Text-to-Speech (TTS) Providers
dIKta.me implements a flexible, multi-tier execution strategy for Text-to-Speech (TTS) generation, enabling offline local inference via ONNX and high-quality cloud generation through a unified provider interface.
Provider Architecture
All TTS engines implement the ITTSProvider interface, allowing the TtsSpeaker service to route requests seamlessly.
public interface ITTSProvider : IDisposable
{
string ProviderName { get; }
bool SupportsStreaming { get; }
/// <summary>Synthesize text to audio bytes (full generation).</summary>
Task<TtsResult> SynthesizeAsync(
string text,
string? voiceId = null,
CancellationToken cancellationToken = default);
/// <summary>Check if the provider is ready (model loaded / API reachable).</summary>
Task<bool> IsAvailableAsync(CancellationToken cancellationToken = default);
}
The TtsResult encapsulates the synthesized audio along with metadata, including the PCM/WAV byte array, sample rate, and generation latency.
Available Providers
KokoroTtsProvider (Local)
The default local provider utilizes KokoroSharp, wrapping the highly efficient Kokoro-ONNX models (82M parameters).
- Execution: Runs in-process with zero external dependencies.
- Variants: Supports
int8(88 MB),fp16(169 MB), andfp32(310 MB) precision models viaMicrosoft.ML.OnnxRuntime. - Latency: Generates speech typically in 300–500ms.
- License compliance: Kokoro's internal consumption of the GPLv3
eSpeak-NGphonemizer is isolated to process invocations under "mere aggregation," requiring only attribution.

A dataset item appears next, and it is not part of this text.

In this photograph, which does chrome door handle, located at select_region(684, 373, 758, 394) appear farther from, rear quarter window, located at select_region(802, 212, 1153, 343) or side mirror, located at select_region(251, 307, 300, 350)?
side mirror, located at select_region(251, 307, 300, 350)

DeepgramTtsProvider (Cloud Default)
Leverages the existing Deepgram .NET SDK integration to execute the Aura-2 TTS models using the same API key deployed for the primary dictate STT operations. Provides 90-200ms TTFB across HTTP/WebSockets.

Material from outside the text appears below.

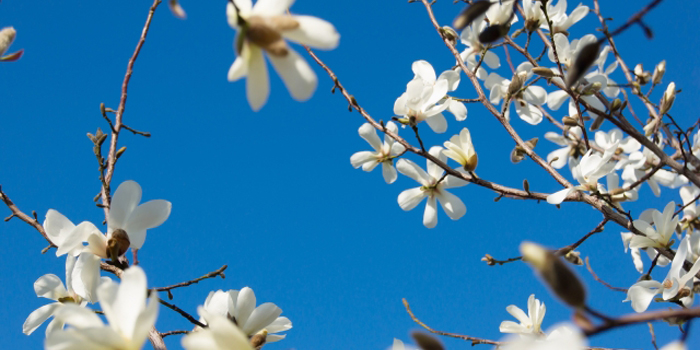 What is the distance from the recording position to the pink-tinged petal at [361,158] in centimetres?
175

InworldTtsProvider & OpenAITtsProvider (Premium Cloud)
Implements standard REST clients for external HTTP integrations using standard ASP.NET HttpClient patterns. Authentication keys are dynamically injected via DPAPI SecureStorage.
Lifecycle and Routing
The TTSProviderFactory initializes and caches ITTSProvider instances to prevent redundant allocations or constant re-loading of local ONNX models.
During playback requests, the TTSRouter evaluates the active application TtsSettings. It dynamically falls back to alternate providers if the chosen API is unavailable or if the local model has failed to initialize.
Audio Player Pipeline
Audio is subsequently streamed directly through the TtsPlayerService leveraging NAudio's WasapiOut. The player instance seamlessly synchronizes with the AudioDucker to drop the system volume of background applications during active playback. Playback can be interrupted instantaneously by evaluating hotkey states or application state transitions (e.g. initiating a new dictation instance).
Text Sanitization
Raw Markdown from LLM responses is heavily sanitized via the static TextCleaner class before processing. This strips header (#) markers, transforms list bullets into pauses, expands common symbols ($ to "dollars"), and aggressively truncates excessively long output boundaries prior to inference.